3.2.17. General Procedure for Allylic Alkylation Reaction
A solution of ligand 6q (2.0 mol % or 4.0 mol %) and [Pd(η3-C3H5)Cl]2 (1.0 mol % or 2.0 mol %) was stirred in 1.0 mL of dry THF for 30 min. Then, rac-(E)-1,3-diphenylallyl acetate (0.5 mmol) in 1.0 mL of THF was added, followed by dimethyl malonate (1.5 mmol) and base (1.5 mmol) of BSA with 2 mol % of KOAc or 1.5 mmol of K2CO3/Cs2CO3 (1:1). After stirring for 12 h at room temperature, the solution was concentrated and purified by chromatography on silica gel eluted with hexane/EtOAc (10:1). The product was isolated as a colorless oil. 1H-NMR (500 MHz, CDCl3): δ = 7.34–7.22 (m, 10H, Ar-H), 6.50 (d, 1H, J = 15.0, -CH=), 6.33 (dd, 1H, J = 10.0, 15.0, -CH=), 4.31–4.27 (m, 1H, CH), 3.98 (d, 1H, J = 10.0, CH), 3.77 (s, 3H, OCH3), 3.54 (s, 3H, OCH3), HPLC analysis (Chiralcel OD-H, hexane/iso-PrOH, 98:2, 1.0 mL/min, 254 nm): tr(minor) = 10.9 min, tr(major) = 14.5 min.
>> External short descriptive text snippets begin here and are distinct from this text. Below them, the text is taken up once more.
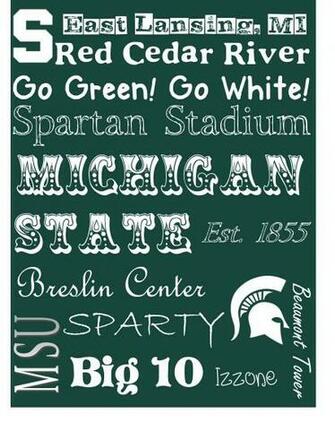 Msu Subway Art Printable With Image Michigan State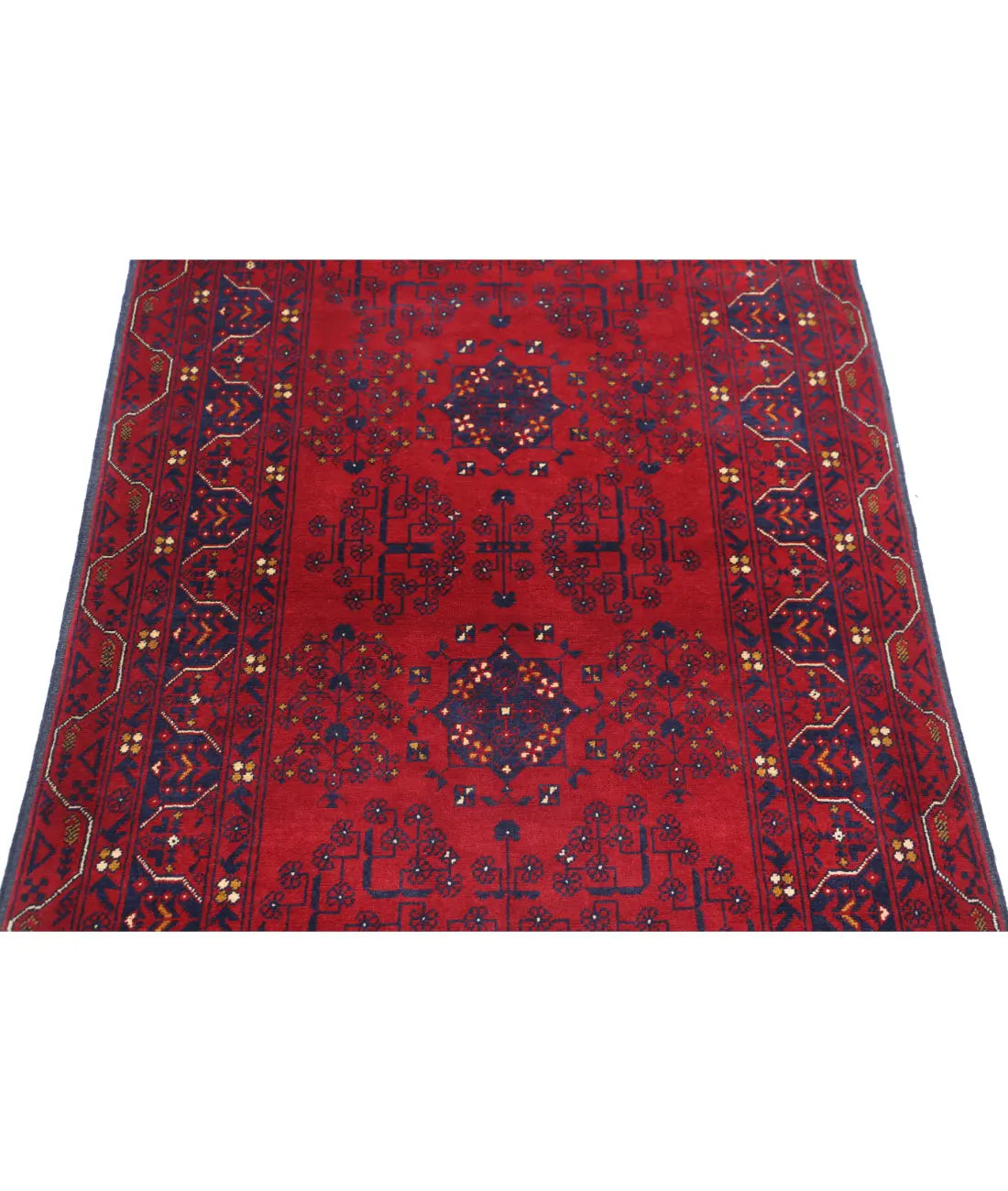 Hand Knotted Afghan Khamyab Wool Rug - 3'0'' x 4'7''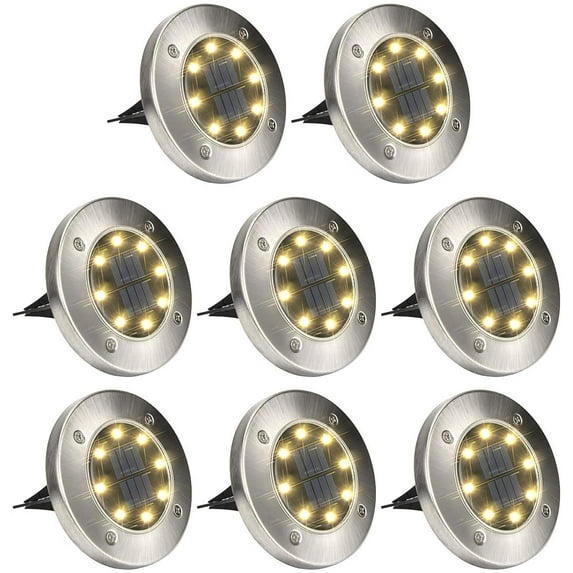 8 Pack Solar Ground Lights, 8 LED Solar Powered Disk Lights Outdoor Waterproof Garden Landscape Lighting for Yard Deck Lawn Patio Pathway Walkway (White)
3.3. Computational Studies
All DFT calculations were performed using the “Prometheus” cluster in the “Cyfronet” computational centre in Cracow. A new generation M062x [27] functional, implemented in the Gaussian 09 package (Gaussian Inc.: Wallingford, UK) [28], was used. All stationary structures have been optimised using the LANL2DZ basis set with one f function for Pd and without pseudopotential. All structures were characterised by only positive eigenvalues in their diagonalised Hessian matrices. For the optimised structures, thermochemical data for the temperature T = 298 K and pressure p = 1 atm were computed using vibrational analysis data.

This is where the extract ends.